All of lore.kernel.org
 help / color / mirror / Atom feed
From: Neil Brown <neilb@suse.de>
To: heinzm@redhat.com
Cc: device-mapper development <dm-devel@redhat.com>
Subject: Re: [PATCH 00/24] dm-raid456 support using md/raid5.c, now with dirty-log
Date: Fri, 18 Jun 2010 13:52:31 +1000	[thread overview]
Message-ID: <20100618135231.124065ef@notabene.brown> (raw)
In-Reply-To: <1276771620.10854.18.camel@o>

On Thu, 17 Jun 2010 12:47:00 +0200
Heinz Mauelshagen <heinzm@redhat.com> wrote:

> On Thu, 2010-06-17 at 15:41 +1000, Neil Brown wrote:
> > On Wed, 16 Jun 2010 13:26:27 +0200
> > Heinz Mauelshagen <heinzm@redhat.com> wrote:
> > 
> > > On Wed, 2010-06-16 at 09:45 +1000, Neil Brown wrote:
> > > > Hi Heinz,
> > > > 
> > > > On Tue, 15 Jun 2010 15:23:26 +0200
> > > > Heinz Mauelshagen <heinzm@redhat.com> wrote:
> > > > 
> > > > > 
> > > > > Neil,
> > > > > 
> > > > > for missing devices we (re)load the table with error mapped device(s) in
> > > > > their place rather than identifying them with a special char/string.
> > > > > Did you go for the later in order to avoid some MD hassle with error
> > > > > targets being accessed by the MD personalities?
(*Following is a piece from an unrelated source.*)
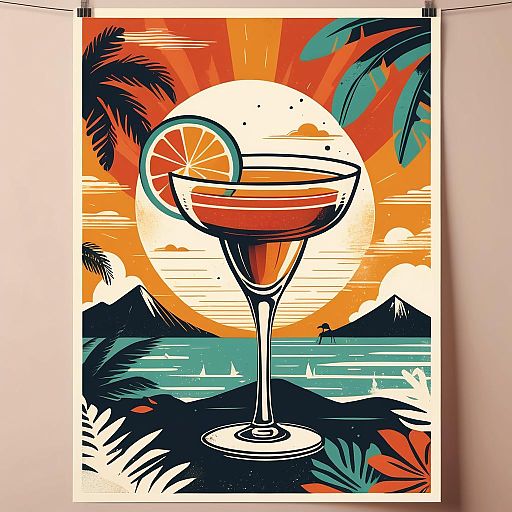 Vintage Tropical Salsa Poster Design
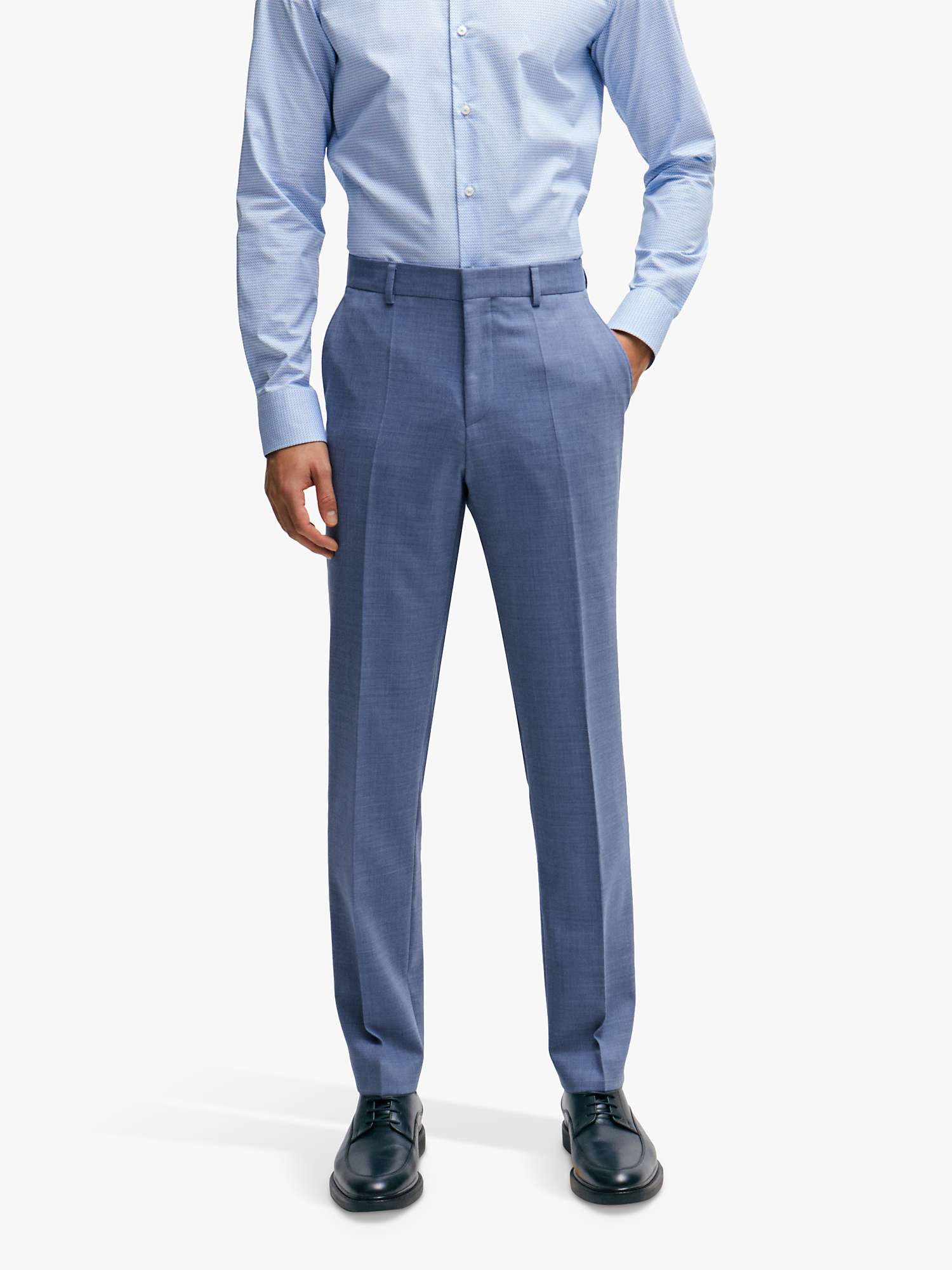 Buy BOSS Leon Wool Blend Suit Trousers, Open Blue Online at johnlewis.com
If not so, we can drop
> > > > > the special '-' char support to identify missing devices.
> > > > 
> > > > When raid5 determines that a device has failed and so it will not write to it
> > > > again, it must be sure that the failure is record in the metadata before it
> > > > proceeds with that decision not to even try writing to the failed device.
> > > 
> > > Yes, that's the mandatory order to avoid data loss.
> > > 
> > > > Otherwise a crash/restart before the metadata was safely updated would result
> > > > in corruption.
> > > > 
> > > > This means that it must be possible for user-space to explicitly tell the
> > > > raid5 that a device is known to be faulty.
> > > > Doing that through the constructor seems the natural way to do it.
> > > 
> > > If /dev/mapper/error with an error target mapping would be used instead,
> > > would that cause consistency troubles to the MD personality if accessing
> > > those rather than the NULL device solution with the '-' argument you
> > > have now?
> > > If not so, we could drop the '-' support, which I'm aiming at.
> > > 
> > 
> > I would need to differentiate between /dev/mapper/error (where errors are
> > expected) and any other device (where errors are not expected).  How do you
> > propose I do that?
> 
> Is that differentiation mandatory for the MD personality at all?

I thought we had already agreed that it was.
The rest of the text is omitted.